> **WORK ORDER**
Scan the data below and copy each line where "Photo" occurs.

> **EXTRACTED ENTRIES**
§

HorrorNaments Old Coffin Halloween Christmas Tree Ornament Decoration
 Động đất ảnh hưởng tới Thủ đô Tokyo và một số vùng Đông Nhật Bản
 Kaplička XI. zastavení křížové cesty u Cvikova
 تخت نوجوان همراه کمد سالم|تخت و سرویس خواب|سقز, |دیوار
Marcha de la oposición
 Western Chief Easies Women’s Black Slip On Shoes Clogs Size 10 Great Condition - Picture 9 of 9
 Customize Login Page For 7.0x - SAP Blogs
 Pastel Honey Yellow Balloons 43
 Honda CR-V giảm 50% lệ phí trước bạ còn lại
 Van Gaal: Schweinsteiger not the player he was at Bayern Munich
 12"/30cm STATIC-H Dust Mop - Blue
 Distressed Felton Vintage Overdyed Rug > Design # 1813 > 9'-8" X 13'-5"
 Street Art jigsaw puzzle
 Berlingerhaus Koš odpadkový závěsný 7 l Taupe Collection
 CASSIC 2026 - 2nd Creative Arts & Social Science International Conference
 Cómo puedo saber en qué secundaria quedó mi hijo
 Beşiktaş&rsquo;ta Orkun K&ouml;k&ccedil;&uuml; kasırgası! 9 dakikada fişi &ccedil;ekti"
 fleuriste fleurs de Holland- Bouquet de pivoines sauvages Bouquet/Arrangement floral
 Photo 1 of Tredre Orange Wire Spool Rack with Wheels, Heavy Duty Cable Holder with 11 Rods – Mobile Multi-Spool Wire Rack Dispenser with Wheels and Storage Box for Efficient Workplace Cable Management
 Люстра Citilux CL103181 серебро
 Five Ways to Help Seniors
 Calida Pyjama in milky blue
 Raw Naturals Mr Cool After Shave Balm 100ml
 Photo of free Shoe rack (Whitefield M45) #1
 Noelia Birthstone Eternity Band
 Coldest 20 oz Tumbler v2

§

> **WRITTEN RESPONSE**
 Photo 1 of Tredre Orange Wire Spool Rack with Wheels, Heavy Duty Cable Holder with 11 Rods – Mobile Multi-Spool Wire Rack Dispenser with Wheels and Storage Box for Efficient Workplace Cable Management
 Photo of free Shoe rack (Whitefield M45) #1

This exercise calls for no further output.